Game Days (Week 11, Friday, March 28, 2014)

Game day intro

From Weathering the Unexpected.

Annual, company-wide, event over several days

Given that every team is ready and on-site, problems can be resolved quickly

Game Day complements continuous component testing.

Example: A data centre is partitioned by failure of a switch

Example: Simulated earthquake

Caused Failure of Bay Area Google data center

What to test

Failures of multiple systems in parallel

Identify weaknesses in less-tested interfaces between systems and groups

Be ready to turn off the test if serious problems arise

Command centre

Technical team

Coordinators

Example: Phone “bridge” emergency coordination

First test: Only one person figured out how to connect

Second test: 100 people connected … but bridge only held 40 connections

Third test: A caller put the bridge on hold … no one else could call in or out

Example: Buying diesel fuel for long-term emergency generators

Simulated long-term power outage for a data center

Needed to buy extra diesel fuel for backup generator ($$$)
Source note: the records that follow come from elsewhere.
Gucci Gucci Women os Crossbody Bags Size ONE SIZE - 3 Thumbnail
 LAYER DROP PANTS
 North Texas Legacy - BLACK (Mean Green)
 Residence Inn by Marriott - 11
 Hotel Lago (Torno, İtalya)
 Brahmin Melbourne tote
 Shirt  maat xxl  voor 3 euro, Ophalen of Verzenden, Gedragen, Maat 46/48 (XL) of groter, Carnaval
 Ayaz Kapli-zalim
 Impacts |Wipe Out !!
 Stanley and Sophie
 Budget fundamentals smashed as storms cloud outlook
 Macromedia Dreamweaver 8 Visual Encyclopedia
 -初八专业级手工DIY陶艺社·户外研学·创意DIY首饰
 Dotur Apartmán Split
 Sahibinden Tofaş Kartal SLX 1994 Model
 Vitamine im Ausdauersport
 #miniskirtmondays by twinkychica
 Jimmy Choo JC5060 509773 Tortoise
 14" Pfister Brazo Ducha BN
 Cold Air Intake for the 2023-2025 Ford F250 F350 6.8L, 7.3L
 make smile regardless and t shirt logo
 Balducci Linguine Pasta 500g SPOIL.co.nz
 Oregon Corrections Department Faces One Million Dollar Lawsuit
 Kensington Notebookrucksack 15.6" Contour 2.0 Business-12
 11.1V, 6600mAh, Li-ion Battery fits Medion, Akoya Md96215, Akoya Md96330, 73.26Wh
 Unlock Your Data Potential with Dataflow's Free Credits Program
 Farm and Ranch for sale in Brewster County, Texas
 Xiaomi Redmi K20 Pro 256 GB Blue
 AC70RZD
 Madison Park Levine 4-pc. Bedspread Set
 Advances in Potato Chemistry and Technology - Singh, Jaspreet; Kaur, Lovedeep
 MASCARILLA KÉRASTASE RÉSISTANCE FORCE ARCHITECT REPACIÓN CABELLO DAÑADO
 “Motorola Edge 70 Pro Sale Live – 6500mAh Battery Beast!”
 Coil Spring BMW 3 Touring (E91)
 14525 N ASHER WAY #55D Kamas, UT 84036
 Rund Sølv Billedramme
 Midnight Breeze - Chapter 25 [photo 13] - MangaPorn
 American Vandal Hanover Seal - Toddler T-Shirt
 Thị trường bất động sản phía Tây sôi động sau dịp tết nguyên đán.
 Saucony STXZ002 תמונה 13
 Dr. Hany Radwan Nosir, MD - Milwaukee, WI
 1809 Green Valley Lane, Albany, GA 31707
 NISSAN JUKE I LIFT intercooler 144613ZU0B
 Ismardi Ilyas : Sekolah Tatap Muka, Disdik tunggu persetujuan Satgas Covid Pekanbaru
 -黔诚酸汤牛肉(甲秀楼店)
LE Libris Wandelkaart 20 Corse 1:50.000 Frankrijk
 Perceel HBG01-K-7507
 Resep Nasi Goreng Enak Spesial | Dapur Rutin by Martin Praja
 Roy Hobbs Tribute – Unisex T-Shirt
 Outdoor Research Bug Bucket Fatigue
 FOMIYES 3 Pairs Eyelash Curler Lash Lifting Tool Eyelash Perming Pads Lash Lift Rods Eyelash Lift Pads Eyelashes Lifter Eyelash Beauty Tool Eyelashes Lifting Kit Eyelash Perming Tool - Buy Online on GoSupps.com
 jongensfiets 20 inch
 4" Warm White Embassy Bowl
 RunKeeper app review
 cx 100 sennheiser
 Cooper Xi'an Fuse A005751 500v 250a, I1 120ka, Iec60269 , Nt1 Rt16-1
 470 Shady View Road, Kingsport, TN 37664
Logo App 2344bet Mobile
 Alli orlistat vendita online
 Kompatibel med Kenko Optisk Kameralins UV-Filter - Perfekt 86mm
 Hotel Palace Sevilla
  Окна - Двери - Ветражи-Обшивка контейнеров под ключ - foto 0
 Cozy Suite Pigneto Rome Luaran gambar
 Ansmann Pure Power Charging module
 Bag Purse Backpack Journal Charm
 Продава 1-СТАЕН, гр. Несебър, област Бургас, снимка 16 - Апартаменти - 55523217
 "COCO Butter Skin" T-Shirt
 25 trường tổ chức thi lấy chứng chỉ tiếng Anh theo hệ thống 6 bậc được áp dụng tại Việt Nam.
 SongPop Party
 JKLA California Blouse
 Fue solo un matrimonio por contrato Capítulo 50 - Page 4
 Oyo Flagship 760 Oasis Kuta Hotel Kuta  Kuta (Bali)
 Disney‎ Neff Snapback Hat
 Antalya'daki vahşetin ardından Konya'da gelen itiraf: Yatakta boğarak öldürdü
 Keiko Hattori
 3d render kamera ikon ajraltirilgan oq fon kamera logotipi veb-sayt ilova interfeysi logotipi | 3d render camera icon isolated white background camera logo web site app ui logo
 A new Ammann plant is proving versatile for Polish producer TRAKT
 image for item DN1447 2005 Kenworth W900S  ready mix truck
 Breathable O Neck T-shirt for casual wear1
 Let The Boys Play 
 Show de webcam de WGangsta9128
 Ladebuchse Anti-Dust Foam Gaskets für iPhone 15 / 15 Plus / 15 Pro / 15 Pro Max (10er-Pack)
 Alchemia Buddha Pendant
No authorization possible from central management (comm failure)

Expected employees to use (documented) emergency spending procedure

Instead: Charged > $100,000 on personal credit card

Example: Zombies Attack!

One data centre goes down abruptly (Atlanta)

The zombies are fiction (… maybe?) but the shutdown is real

  1. Other three centres take up slack
  2. Performance SLA maintained
  3. But resilience SLA requires running with only two data centres
  4. So they cleanly shut down another (Europe)
  5. Now barely within performance SLA

Growing the organization

Start off with a few volunteer teams

First tests can be quite safe

Don’t expect a team’s first tests to really test much

Increase complexity and breadth of tests with each run

Embrace failure as a means of learning

Track every problem

Solid champion amongst senior executives aids process (VP Operations at Google)

Guide to reading for next class

Read Log Everything All the Time.

Key points:

  1. Why logging everything is necessary
  2. Why you need to build logging in rather than bolt it on later
  3. Why it needs to be fast

The post ends with a long list of bullet points for logging design. Each entry is terse and there are many. Get a general gist of these guidelines but don’t expect to memorize every one.